RECORD EXTRACTS -

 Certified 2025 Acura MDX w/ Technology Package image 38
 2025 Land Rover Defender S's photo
...
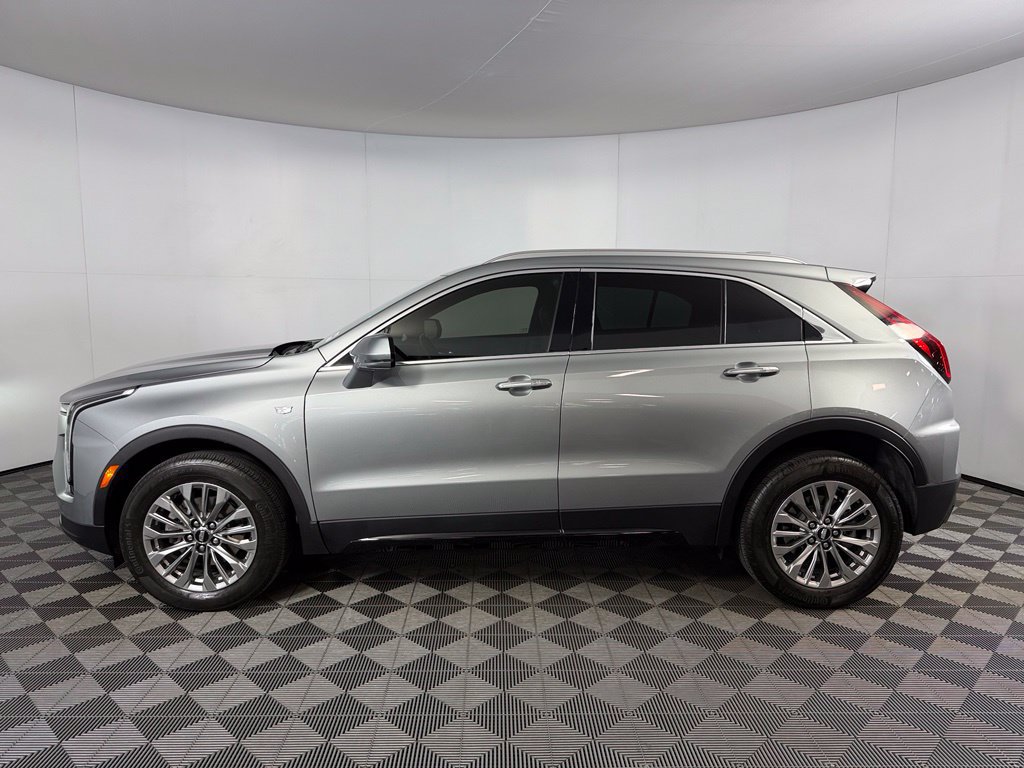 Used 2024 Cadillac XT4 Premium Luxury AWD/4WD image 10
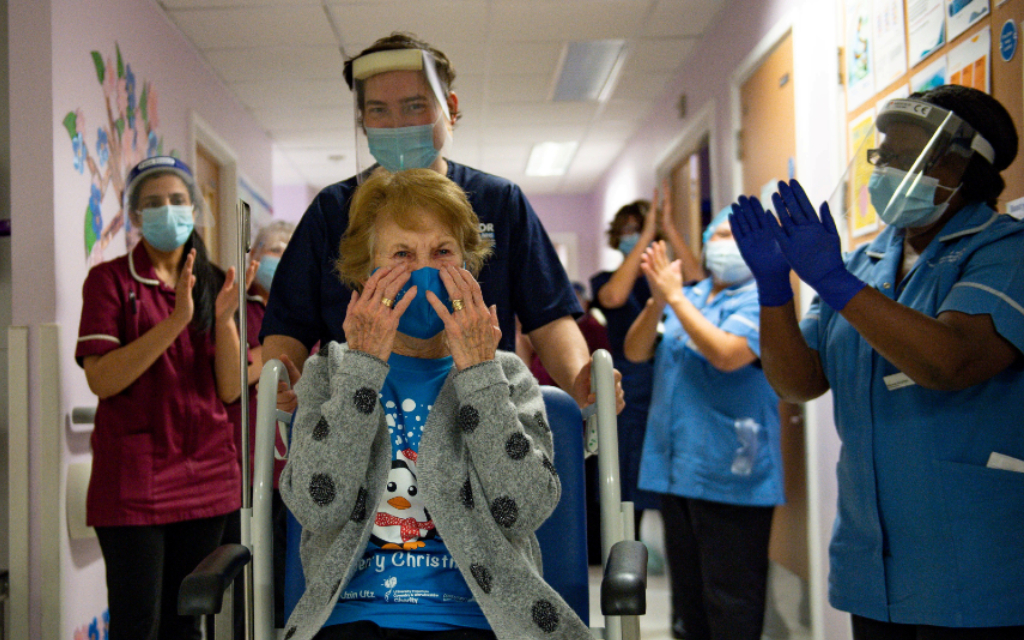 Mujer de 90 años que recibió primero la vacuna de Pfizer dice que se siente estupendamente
==
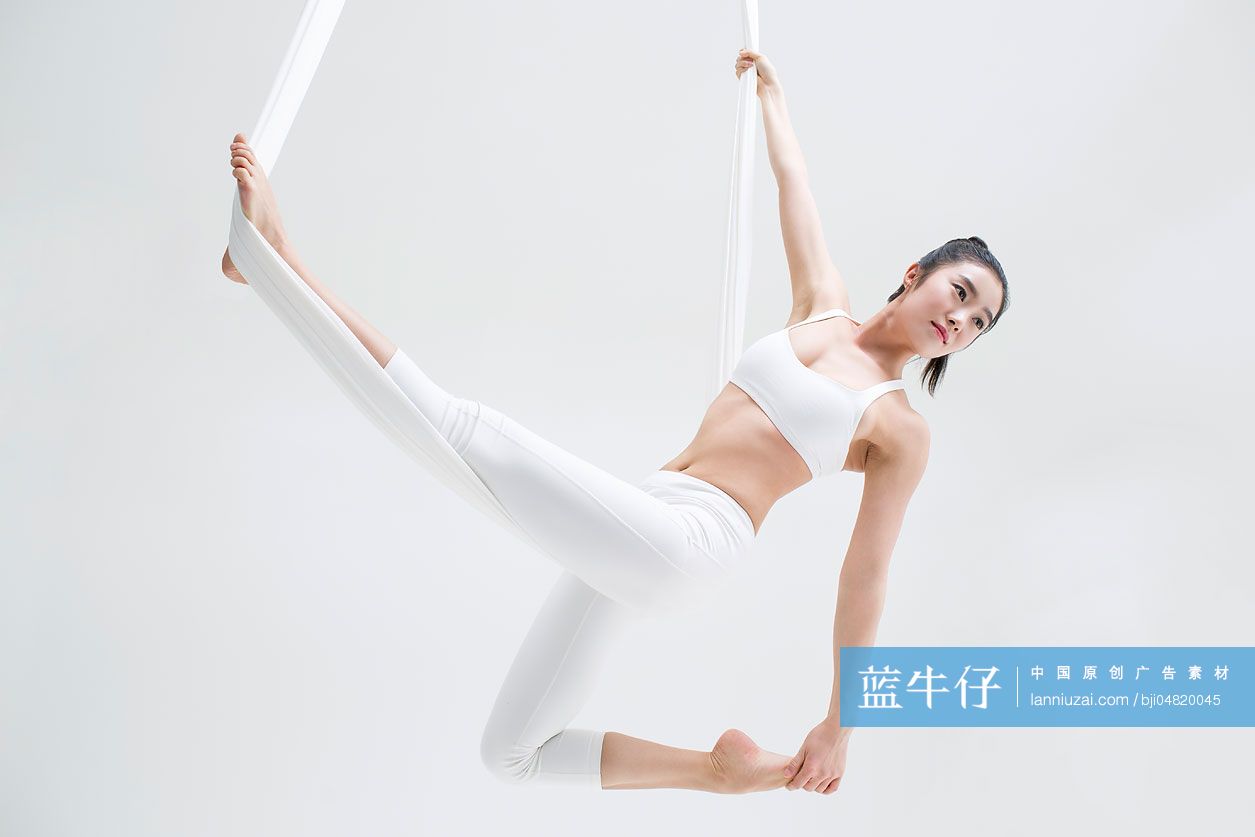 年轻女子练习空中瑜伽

EXERCISE DIRECTIONS - Above this task is a listing. Restate, word for word and with nothing added, the lines from the one with "Certified 2025 Acura" through the one with "2025 Land Rover Defender S's photo".

ANSWER FOR THIS EXERCISE -
 Certified 2025 Acura MDX w/ Technology Package image 38
 2025 Land Rover Defender S's photo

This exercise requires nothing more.